Question

How do you integrate \[\int{\dfrac{\sin x}{\sin x-\cos x}dx}\]?

Answer 1

Hint: In the given question, we have been asked to integrate the function. In order to solve the questions, we have to use trigonometric identities to simplify the given integration function and then follow integration formulas or methods to integrate. We have to split the given trigonometric terms by using identities. Perform further integration in the simplified form and hence we get the required solution.

Formula used:
i) Following trigonometric identities are used:
\[{{\cos }^{2}}x-{{\sin }^{2}}x=\cos 2x\]
\[\sin 2x=2\ sin x\cos x\]
\[{{\sin }^{2}}x=\dfrac{1-\cos 2x}{2}\]

ii) Following integration formula are used:
\[\int{\tan \left( x \right)dx}=\log \left| \sec x \right|+C\]
\[\int{\sec \left( x \right)dx=\log \left| \sec x+\tan x \right|}+C\]
\[\int{dx=x+C}\]

Complete step-by-step solution:
We have the given integration function,
\[\Rightarrow \int{\dfrac{\sin x}{\sin x-\cos x}dx}\]
Let,
\[\Rightarrow I=\int{\dfrac{\sin x}{\sin x-\cos x}dx}\]
Multiplying the numerator and denominator by \[\sin x+\cos x\], we get
\[\Rightarrow \int{\dfrac{\sin x\left( \sin x+\cos x \right)}{\sin x-\cos x\left( \sin x+\cos x \right)}dx}\]
Simplifying the above integrating function, we get
\[\Rightarrow \int{\dfrac{{{\sin }^{2}}x+\sin x\cos x}{\left( \sin x-\cos x \right)\left( \sin x+\cos x \right)}dx}\]
Putting the identity of \[{{a}^{2}}-{{b}^{2}}=\left( a+b \right)\left( a-b \right)\] in the denominator, we get
 \[\Rightarrow \int{\dfrac{{{\sin }^{2}}x+\sin x\cos x}{{{\sin }^{2}}x-{{\cos }^{2}}x}dx}\]
Split it into two parts, we get
\[\Rightarrow \int{\dfrac{{{\sin }^{2}}x}{{{\sin }^{2}}x-{{\cos }^{2}}x}dx+\int{\dfrac{\sin x\cos x}{{{\sin }^{2}}x-{{\cos }^{2}}x}dx}}\]
Using the identity of trigonometry i.e.
\[{{\cos }^{2}}x-{{\sin }^{2}}x=\cos 2x\]
\[\sin 2x=2\sin x\cos x\]
\[{{\sin }^{2}}x=\dfrac{1-\cos 2x}{2}\]
Applying these identity in the solved integral, we get
\[\Rightarrow -\int{\dfrac{1-\cos 2x}{2\cos 2x}dx-\int{\dfrac{\sin 2x}{2\cos 2x}dx}}\]
\[\Rightarrow -\int{\dfrac{\sec 2x}{2}dx+\int{\dfrac{1}{2}dx-\int{\dfrac{\tan 2x}{2}dx}}}\]
Using,
 \[\int{\tan \left( x \right)dx}=\log \left| \sec x \right|+C\]
\[\int{\sec \left( x \right)dx=\log \left| \sec x+\tan x \right|}+C\]
\[\int{dx=x+C}\]
After applying these identities of trigonometry, we get
\[\Rightarrow \dfrac{\log \left| \sec 2x+\tan 2x \right|}{4}+\dfrac{x}{2}-\dfrac{\log \left| \sec 2x \right|}{4}+C\]
Therefore,
\[\Rightarrow \int{\dfrac{\sin x}{\sin x-\cos x}dx}=\dfrac{\log \left| \sec 2x+\tan 2x \right|}{4}+\dfrac{x}{2}-\dfrac{\log \left| \sec 2x \right|}{4}+C\]

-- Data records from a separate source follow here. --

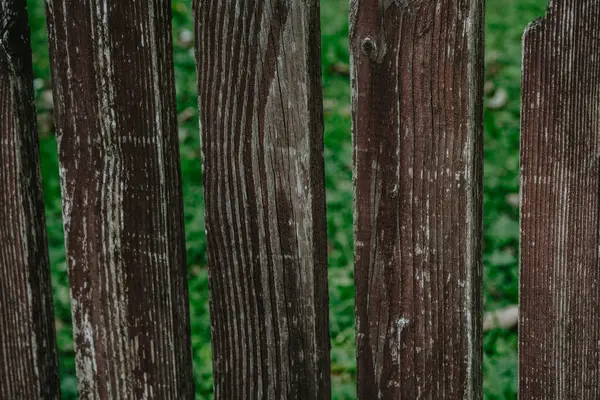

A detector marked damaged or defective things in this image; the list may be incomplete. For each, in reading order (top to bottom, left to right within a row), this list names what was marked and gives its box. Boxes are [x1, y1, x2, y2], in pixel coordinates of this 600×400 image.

peeling paint on wood [0, 1, 60, 398]
peeling paint on wood [45, 0, 193, 396]
peeling paint on wood [195, 0, 330, 396]
peeling paint on wood [352, 0, 482, 396]
peeling paint on wood [516, 1, 600, 398]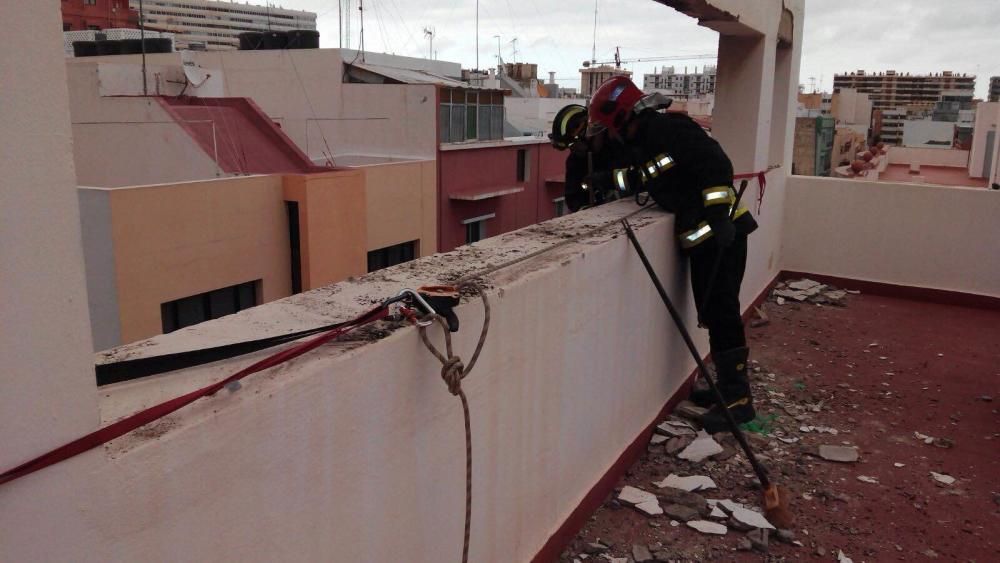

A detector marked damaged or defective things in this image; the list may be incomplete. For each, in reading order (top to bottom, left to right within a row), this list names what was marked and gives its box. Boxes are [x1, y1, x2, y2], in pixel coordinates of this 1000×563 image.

broken tile fragment [676, 432, 724, 462]
broken tile fragment [816, 446, 864, 462]
broken tile fragment [652, 474, 716, 492]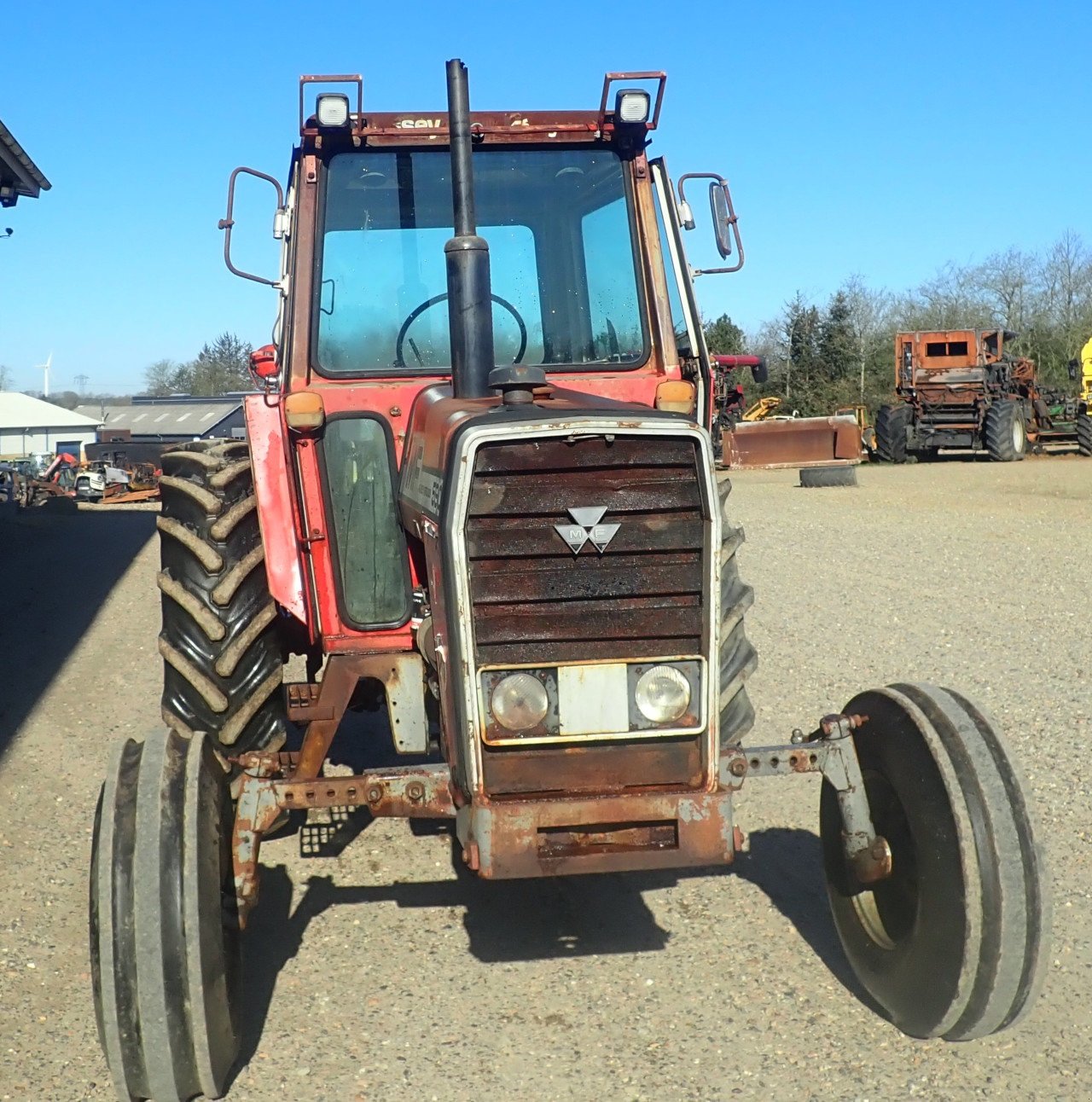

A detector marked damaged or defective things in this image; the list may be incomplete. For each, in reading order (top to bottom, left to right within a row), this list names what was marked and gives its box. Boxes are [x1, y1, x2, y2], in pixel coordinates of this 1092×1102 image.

rusty metal panel [723, 414, 868, 465]
rusty machinery [881, 328, 1092, 462]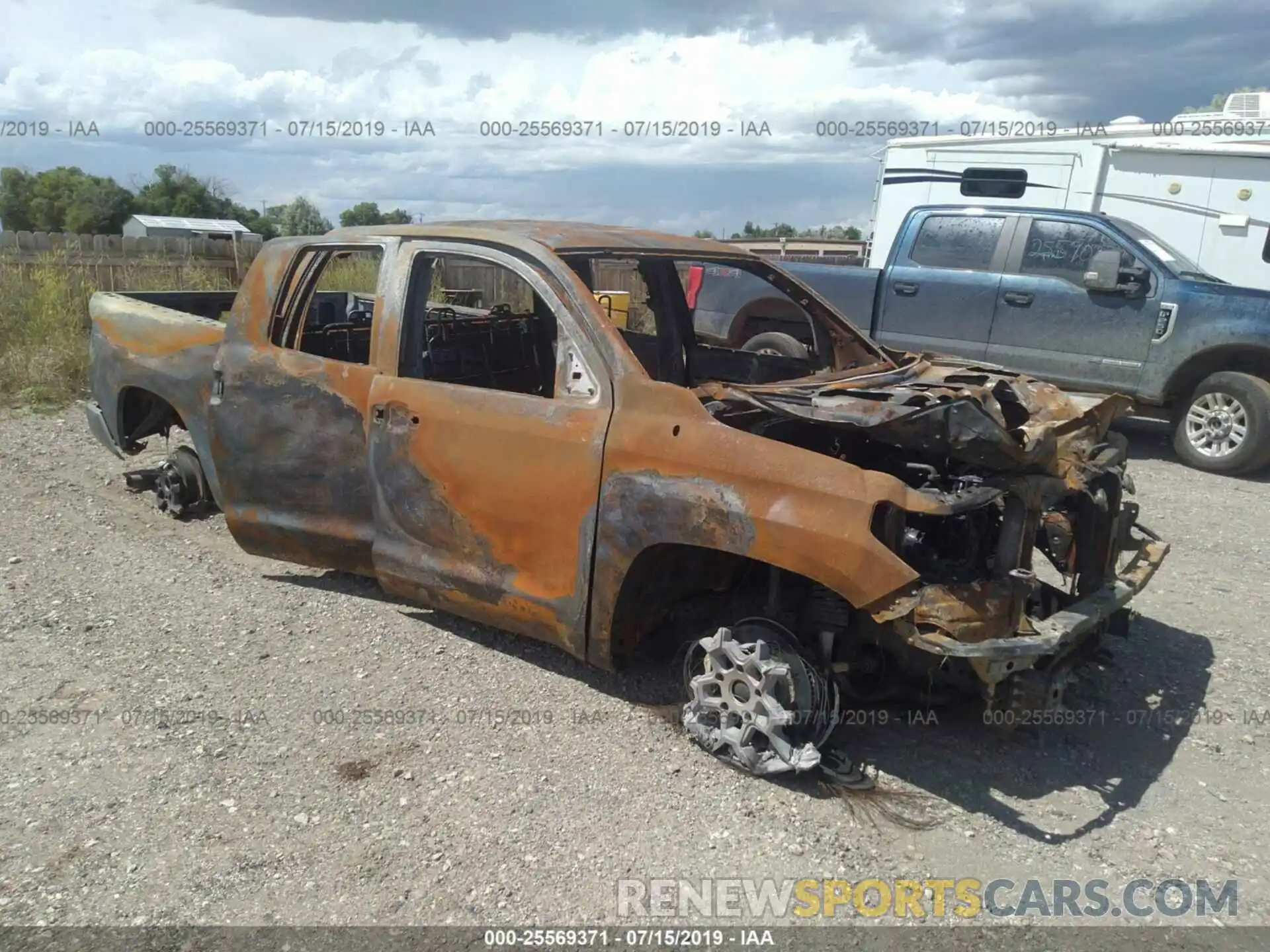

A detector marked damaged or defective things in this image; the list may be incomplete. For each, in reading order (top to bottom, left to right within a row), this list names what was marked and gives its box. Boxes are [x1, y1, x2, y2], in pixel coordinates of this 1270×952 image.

Note: In order to solve the given question, we used trigonometric identities to simplify the given function and then split it into two terms. We split the function inside the integral only because the operation between both the functions is addition. If there is a mathematical operation of multiplication, then here we integrate the given function by using the integration by parts. We should remember the trigonometric identities, this would make it easier to solve the question. There are also many other methods for integration. These are integration by substitution and integration by partial fractions. You should always remember all the methods for integration so that we can easily choose which method is suitable for solving the particular type of question. We should do all the calculations carefully and explicitly to avoid making errors.